**GIVEN ENTRIES**:
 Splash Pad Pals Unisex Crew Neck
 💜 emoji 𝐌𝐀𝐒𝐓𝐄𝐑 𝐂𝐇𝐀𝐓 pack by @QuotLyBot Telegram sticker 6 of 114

...

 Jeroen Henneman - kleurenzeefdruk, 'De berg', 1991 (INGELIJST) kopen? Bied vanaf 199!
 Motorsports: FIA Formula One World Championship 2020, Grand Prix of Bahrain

**WORK TO COMPLETE**:
Return exactly the lines above from the line that has "Splash Pad Pals Unisex Crew Neck" through the line that has "sticker 6 of 114", inclusive, and nothing else.

**RESPONSE TO THIS EXERCISE**:
 Splash Pad Pals Unisex Crew Neck
 💜 emoji 𝐌𝐀𝐒𝐓𝐄𝐑 𝐂𝐇𝐀𝐓 pack by @QuotLyBot Telegram sticker 6 of 114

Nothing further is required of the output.